Wednesday, July 12, 2017

Marriage in the Mess

C J writes:

|| marriage ||

I’m super guilty of the, “If I could just ____, then I’d be happy” mindset. I hate that I do this, but I do.

If I could just graduate high school and move away, then I’ll be happy.

If I could just finish college and work, then I’ll be happy.

If I could just get more hours at this job so I can have more money, then I’ll be happy.

If I could just find a man, then I’ll be happy.

If I could just be engaged, then I’ll be happy.

If I could just get married, then I’ll be happy.

If I could just be a mom, then I’ll be happy.

The problem is, that’s not happiness, and that is not a way to spend your life. But I’m guilty of this, so, so, so guilty of this. But what happens when you check each of those things off? Then you’ll be happy? No, because the problem is that there’s always more to add. Always. Because if you are not content and joyful and happy where you are with what you have RIGHT NOW, you will never be. And it’s scary, to be in this mindset and knowing that you are setting yourself up to be disappointed and miserable for all of your life if you don’t snap out of it. And trust me, I’m preaching to myself more than anything.

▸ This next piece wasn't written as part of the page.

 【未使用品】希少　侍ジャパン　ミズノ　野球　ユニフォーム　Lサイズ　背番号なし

The first 3 months of marriage were so easy, it’s funny. I remember hitting that 3 month mark and suddenly I realized that sometimes, just sometimes, my husband kinda bugged me. A lot. And things that he did bugged me. And things that he said hurt my feelings. Before marriage, I would not have called myself a sensitive person. But just like marriage does, it teaches you things about yourself that you wish weren’t true. I wish I wasn’t moody or irritable. I wish I didn’t care that I had to do the dishes for the millionth time. I wish I could communicate my feelings and thoughts better. I wish I was this, I wish I didn’t do that. It opens your eyes to everything you suck at, and I don’t like to suck at things. I don’t like to be in the wrong, or have to apologize. Am in the only one? No? Okay, good.

When you’re married, you have to apologize. You have to say that you were wrong sometimes. And honestly, for me and my marriage, my husband is probably right more than I am (don’t tell him that). Now, there are loads of times where he is in the wrong, but since I am super humble and the best wife ever, I let it slide. (Hint: sarcasm.)

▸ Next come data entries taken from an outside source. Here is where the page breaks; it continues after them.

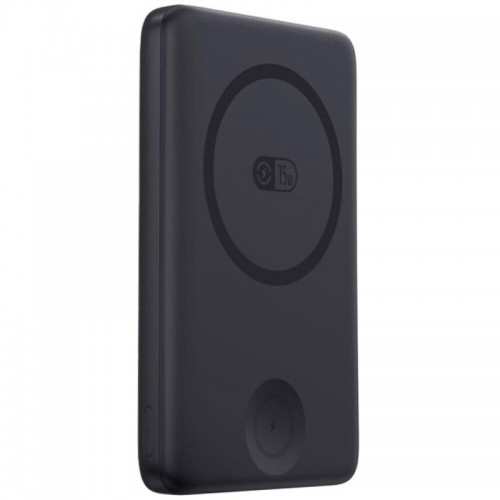 Портативное ЗУ Power Bank Baseus EnerFill FT11 Magnetic PD27W с БЗУ+iWatch 10000mAh (P1008210G123) Cosmic Black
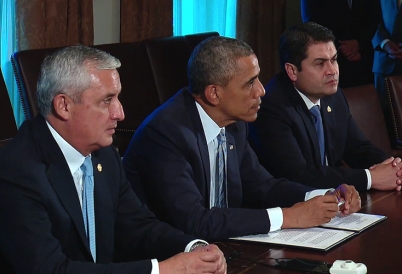 President Obama and Central American leaders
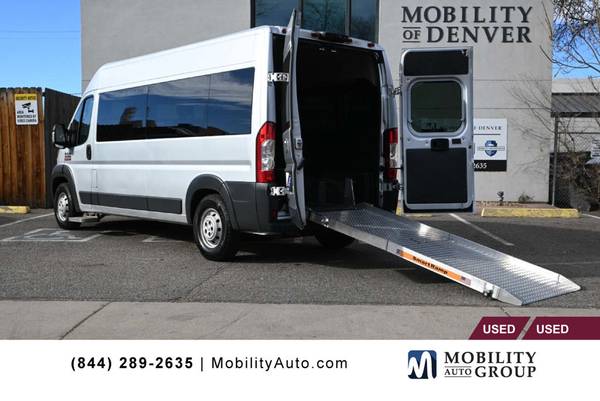 2018 *Ram* *ProMaster Window Van* *2500 High Roof 159 W 1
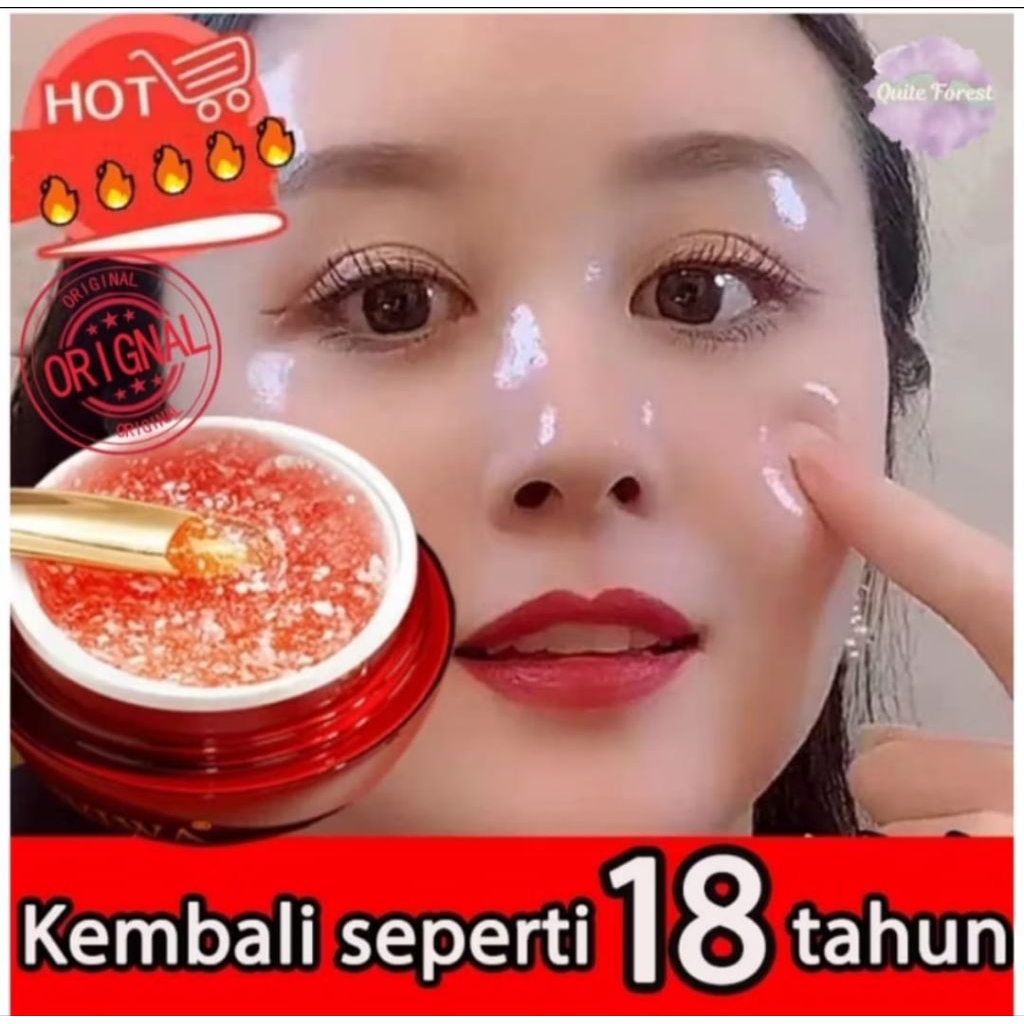 dragon blood cream 50g krim pemutih wajah original untuk kembali ke 18 thn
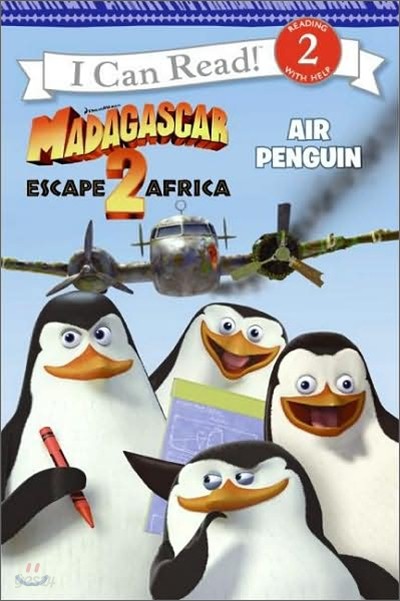I Can Read Level 2 : Air Penguin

Marriage got hard. It got scary. I realized things about myself that I didn’t like. I realized things about him that I didn’t like. But there we were, married for life. Some days were easy and blissful and just plain great. Other days, we were so irritated with each other that we would barely talk.

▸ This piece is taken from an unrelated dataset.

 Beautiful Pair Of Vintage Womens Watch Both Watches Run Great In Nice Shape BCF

And I felt like there was something wrong with us. Because I used to look at people’s picture perfect social media marriages and get mad. I’d get mad because I didn’t think it was fair. I didn’t think it was fair because I thought, “How come their marriage is great and their husband is nice to them and mine sucks and I’m giving my husband the silent treatment because he hurt my feelings for the thousandth time?!? Why!?” (Because obviously, I was a child.)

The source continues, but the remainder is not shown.